En “La invención de México” (Planeta, 2008), Héctor Aguilar Camín escribe sobre el nacionalismo revolucionario –la justificación ideológica del PRI durante sus primeros 50 años-: “Fue indigenista y antiespañol, como el patriotismo criollo, pero también fue proteccionista y tutelar, como las leyes de Indias (…); fue jacobino, laico y republicano, como la reforma liberal, pero no fue democrático, sino centralizador, presidencialista y autoritario”.

 

 
La historia del Revolucionario Institucional –Octavio Paz señalaría la aparente contradicción de ser “revolucionario” y también “institucional”- no puede entenderse sin la Revolución Mexicana. Tras años de lucha intestina, Plutarco Elías Calles tuvo la visión de aglutinar las fuerzas regionales que, tras el conflicto, se quedaron con poder y fusiles, pero sin organización. Calles les dio a estos caciques y “hombres fuertes” una arena política –el Partido Nacional Revolucionario (PNR)- para gestionar el reparto del poder. Se podría decir que, tras bambalinas, la agrupación buscaba evitar nuevos alzamientos rupturistas de corte caciquil. Con la Revolución había sido suficiente.

 

 
Ya con Lázaro Cárdenas en la silla –y con Calles en el exilio-, el PNR pasaría a llamarse Partido de la Revolución Mexicana (PRM). Éste general michoacano fue el verdadero arquitecto del poder tricolor. Fue él quien le dio el carácter corporativo que sustentaría su fuerza partidista durante las siguientes décadas, al crear los “sectores” de aglutinación social del partido: popular, obrero, campesino y militar, éste último siendo eliminado, afortunadamente, unos años después. Ya en 1946, sería Miguel Alemán quien le bautizaría con el mítico “PRI”.

 

 
Éstas siglas han sido sinónimo de instituciones sociales trascendentales para los mexicanos –la creación del IMSS, del ISSSTE, de la Comisión Nacional de Libros de Textos Gratuitos, etc.- pero también de represión, antidemocracia y en no pocas ocasiones, corrupción –el 68, el “fraude patriótico” en 1986, diversos exgobernadores-. Yo entiendo: son raros los caminos que solo son en línea recta; más si han durado 88 años.
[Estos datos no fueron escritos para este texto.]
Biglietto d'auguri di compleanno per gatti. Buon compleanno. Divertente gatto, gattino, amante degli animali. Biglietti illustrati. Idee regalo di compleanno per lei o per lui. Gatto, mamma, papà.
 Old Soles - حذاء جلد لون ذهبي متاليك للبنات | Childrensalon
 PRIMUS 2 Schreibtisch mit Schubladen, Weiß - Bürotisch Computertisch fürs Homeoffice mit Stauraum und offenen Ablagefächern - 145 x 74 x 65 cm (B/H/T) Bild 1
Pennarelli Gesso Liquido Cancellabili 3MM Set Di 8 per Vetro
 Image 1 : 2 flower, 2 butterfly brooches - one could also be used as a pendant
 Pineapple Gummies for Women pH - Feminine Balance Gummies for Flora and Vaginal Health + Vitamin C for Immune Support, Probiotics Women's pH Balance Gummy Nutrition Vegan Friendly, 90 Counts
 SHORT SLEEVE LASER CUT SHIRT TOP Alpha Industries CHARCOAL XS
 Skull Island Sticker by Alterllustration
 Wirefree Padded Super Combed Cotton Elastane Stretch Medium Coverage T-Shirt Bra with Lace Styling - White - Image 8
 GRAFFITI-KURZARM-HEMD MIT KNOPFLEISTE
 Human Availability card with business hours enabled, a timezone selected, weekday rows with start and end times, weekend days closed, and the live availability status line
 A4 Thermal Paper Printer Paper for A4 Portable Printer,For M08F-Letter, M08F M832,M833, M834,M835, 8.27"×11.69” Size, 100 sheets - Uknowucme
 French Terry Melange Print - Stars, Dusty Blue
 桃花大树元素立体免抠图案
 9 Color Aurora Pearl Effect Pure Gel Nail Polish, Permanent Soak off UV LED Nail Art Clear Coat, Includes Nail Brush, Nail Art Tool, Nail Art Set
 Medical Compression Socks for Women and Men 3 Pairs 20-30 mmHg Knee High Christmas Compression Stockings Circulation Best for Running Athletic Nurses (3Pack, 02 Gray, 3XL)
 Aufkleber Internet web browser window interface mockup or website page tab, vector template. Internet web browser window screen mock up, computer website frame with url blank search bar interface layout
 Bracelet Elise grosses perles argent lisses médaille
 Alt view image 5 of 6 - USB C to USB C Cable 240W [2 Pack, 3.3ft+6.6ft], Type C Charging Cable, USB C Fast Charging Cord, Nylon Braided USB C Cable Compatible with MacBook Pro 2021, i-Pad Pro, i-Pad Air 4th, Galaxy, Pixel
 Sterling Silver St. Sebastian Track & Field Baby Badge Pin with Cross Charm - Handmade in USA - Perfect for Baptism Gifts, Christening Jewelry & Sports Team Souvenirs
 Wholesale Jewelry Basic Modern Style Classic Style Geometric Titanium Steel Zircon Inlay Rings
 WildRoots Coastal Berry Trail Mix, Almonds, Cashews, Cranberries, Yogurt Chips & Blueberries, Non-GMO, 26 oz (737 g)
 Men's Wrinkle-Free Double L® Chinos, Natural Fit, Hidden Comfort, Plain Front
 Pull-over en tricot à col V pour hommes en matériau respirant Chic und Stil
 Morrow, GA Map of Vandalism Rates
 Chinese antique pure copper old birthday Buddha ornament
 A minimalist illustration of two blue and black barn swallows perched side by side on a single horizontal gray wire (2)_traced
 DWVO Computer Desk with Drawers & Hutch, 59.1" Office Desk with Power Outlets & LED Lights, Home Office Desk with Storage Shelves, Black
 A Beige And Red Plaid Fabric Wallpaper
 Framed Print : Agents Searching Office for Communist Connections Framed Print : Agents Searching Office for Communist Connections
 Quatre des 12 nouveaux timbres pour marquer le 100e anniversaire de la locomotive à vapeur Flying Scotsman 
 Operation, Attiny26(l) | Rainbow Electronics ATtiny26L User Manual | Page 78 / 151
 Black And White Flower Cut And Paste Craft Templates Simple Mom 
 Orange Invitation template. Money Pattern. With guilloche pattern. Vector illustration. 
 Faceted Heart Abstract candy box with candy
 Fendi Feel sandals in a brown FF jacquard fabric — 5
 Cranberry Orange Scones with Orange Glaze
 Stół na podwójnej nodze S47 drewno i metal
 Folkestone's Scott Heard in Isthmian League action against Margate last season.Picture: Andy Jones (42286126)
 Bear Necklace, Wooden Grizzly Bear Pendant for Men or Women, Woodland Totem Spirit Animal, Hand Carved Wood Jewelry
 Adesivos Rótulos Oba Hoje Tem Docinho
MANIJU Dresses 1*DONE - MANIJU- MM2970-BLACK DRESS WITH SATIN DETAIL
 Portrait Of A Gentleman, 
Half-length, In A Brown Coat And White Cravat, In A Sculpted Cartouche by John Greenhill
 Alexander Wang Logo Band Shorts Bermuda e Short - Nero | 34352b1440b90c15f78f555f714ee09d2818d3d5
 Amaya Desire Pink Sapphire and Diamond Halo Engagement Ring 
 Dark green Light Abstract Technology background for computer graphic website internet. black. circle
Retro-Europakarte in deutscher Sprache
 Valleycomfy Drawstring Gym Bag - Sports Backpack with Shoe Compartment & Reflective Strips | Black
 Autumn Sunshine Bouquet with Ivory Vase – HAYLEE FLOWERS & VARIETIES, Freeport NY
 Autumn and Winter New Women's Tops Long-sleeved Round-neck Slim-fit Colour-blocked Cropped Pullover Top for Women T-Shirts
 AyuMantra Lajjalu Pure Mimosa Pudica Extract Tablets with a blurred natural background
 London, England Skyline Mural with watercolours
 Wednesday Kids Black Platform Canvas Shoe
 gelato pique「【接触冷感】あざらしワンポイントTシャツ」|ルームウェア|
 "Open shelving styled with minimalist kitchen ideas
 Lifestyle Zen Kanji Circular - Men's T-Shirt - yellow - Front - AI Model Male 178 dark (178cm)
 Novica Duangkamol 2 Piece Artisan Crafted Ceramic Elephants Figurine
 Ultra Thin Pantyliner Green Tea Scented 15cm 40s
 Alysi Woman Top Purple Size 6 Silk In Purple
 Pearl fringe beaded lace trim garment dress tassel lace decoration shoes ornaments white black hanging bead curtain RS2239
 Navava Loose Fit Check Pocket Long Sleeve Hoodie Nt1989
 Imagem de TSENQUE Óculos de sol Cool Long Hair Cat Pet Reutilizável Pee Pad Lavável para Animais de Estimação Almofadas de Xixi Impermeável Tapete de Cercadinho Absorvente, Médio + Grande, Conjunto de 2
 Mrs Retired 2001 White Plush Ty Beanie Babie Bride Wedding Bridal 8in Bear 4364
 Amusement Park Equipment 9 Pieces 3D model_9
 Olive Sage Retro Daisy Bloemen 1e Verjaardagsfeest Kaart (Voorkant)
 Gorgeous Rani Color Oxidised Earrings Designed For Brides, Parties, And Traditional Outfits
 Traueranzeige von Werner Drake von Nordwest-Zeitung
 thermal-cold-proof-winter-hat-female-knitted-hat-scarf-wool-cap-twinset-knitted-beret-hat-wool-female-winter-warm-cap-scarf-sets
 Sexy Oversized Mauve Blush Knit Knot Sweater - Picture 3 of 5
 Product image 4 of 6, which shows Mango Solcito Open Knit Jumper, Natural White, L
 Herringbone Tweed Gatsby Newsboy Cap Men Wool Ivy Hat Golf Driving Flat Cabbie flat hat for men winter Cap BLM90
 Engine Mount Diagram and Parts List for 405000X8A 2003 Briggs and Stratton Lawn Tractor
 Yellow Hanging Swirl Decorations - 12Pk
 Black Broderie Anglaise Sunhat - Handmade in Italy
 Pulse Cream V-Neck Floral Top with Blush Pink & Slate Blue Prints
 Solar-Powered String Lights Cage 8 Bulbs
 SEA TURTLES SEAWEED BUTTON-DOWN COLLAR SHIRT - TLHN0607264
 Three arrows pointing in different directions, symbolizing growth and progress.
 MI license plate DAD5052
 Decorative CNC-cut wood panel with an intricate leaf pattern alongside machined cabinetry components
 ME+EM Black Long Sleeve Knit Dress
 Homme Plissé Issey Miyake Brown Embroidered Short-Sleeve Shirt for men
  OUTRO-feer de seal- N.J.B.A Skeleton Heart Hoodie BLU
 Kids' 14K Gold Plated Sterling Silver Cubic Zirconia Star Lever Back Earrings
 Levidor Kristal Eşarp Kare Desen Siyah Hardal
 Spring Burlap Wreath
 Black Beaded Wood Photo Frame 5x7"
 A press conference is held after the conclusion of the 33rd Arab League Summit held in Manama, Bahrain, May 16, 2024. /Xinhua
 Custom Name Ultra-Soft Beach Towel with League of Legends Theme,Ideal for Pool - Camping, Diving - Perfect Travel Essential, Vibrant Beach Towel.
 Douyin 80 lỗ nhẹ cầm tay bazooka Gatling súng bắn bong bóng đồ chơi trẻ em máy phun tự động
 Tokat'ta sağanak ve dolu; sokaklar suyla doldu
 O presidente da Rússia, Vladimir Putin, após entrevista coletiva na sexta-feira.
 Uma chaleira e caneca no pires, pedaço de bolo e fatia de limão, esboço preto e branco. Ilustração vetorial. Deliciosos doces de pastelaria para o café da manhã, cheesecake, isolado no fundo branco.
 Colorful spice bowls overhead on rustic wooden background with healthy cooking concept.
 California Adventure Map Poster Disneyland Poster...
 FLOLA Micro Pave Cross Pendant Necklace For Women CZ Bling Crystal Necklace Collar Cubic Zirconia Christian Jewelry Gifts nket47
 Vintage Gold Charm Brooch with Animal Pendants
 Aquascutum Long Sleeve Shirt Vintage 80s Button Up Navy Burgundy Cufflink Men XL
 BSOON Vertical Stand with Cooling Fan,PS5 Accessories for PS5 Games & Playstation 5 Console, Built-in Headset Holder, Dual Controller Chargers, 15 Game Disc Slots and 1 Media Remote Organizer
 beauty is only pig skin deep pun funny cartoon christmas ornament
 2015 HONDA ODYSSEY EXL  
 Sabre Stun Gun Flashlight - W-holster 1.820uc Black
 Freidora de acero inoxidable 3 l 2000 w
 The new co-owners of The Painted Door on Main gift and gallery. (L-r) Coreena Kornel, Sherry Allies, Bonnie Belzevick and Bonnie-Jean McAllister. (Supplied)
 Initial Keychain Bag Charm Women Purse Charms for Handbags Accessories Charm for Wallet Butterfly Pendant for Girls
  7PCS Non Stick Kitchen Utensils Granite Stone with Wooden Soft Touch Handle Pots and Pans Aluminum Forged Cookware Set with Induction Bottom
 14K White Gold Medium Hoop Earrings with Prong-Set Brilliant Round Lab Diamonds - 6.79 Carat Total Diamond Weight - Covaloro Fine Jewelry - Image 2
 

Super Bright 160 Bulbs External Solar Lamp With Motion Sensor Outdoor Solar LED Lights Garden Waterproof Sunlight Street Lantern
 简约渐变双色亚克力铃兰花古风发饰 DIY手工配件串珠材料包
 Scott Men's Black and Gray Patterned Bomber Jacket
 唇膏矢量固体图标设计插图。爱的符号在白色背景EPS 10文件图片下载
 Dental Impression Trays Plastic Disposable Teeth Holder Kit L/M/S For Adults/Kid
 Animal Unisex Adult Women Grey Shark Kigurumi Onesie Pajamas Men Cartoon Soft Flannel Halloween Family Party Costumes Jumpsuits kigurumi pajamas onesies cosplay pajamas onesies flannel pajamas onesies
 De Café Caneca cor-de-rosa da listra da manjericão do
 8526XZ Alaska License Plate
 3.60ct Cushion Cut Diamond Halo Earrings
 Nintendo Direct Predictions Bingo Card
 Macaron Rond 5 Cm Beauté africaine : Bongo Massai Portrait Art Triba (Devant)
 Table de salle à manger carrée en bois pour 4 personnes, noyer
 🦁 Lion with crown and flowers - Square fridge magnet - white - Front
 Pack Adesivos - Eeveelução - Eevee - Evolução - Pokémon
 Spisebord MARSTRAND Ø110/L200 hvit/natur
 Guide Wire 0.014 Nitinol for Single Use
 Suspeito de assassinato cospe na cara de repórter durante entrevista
Es entendible que el PRI, sobre todo por su historia en los gobiernos nacionales, no sea visto siempre como el mejor aliado de la ciudadanía. Después de todo, gobernar es siempre tarea desgastante, sujeta al juicio de la historia, a las variables económicas, pero también al humor social del momento.

 

 
El sábado pasado, el PRI cumplió 88 años. Es, probablemente, en términos de imagen y aceptación, su segundo momento más difícil siendo gobierno –el primero siendo la derrota del 2000-. En vísperas de la celebración, Francisco Labastida, excandidato presidencial, reconoció que “los problemas del país son los problemas del partido”, y admitió que deben tener mayor firmeza para combatir la corrupción. César Camacho, exlíder nacional, admite que “no obstante que es el partido con el mayor número de militantes, estos resultan insuficientes para ganar una elección”, por lo que tienen que evitar la “miopía”. Otro expresidente nacional, Pedro Joaquín Coldwell, sostiene que “el partido afronta (…) el escepticismo y censura de un segmento de la sociedad que está cuestionando a los partidos políticos” (Reforma, 03/03/17).

 

 
Lo he escrito antes y lo escribo ahora: el PRI es la organización política más grande e importante de nuestro país, y no exagero al decir que reformar al PRI para bien es, en cierta medida, reformar a México para bien. El PRI no debe esperar a ver si pierde el Estado de México o el 2018 para iniciar su transición de un partido de sectores corporativos a uno de ciudadanos, cosa que nunca ha sido –la catarsis en la victoria puede que sea más cómoda que en la derrota, pero seguro es menos profunda-.

 

 
El primer paso, sabido por todos los priistas, es acabar con el pecado cultural-político del partido: los criterios muchas veces arbitrarios –y siempre secretos- en su selección de candidatos, que suelen priorizar nombres, complicidades, cuotas, todo, antes que méritos, y de paso desaniman las aspiraciones de crecimiento del priista común por sentir que “todo está arreglado”. Democracia interna no como idealismo, no como eterna bandera disidente, sino como medida de justicia para con la militancia y como condición mínima para el salto al siglo XXI. Los jerarcas priistas deben, ya no digo devolver porque sería mentir, pero dar más poder al militante que sí cree en el tricolor y sí se la juega por éste. Sin su base de gente, el PRI son solo cuatro o cinco individuos.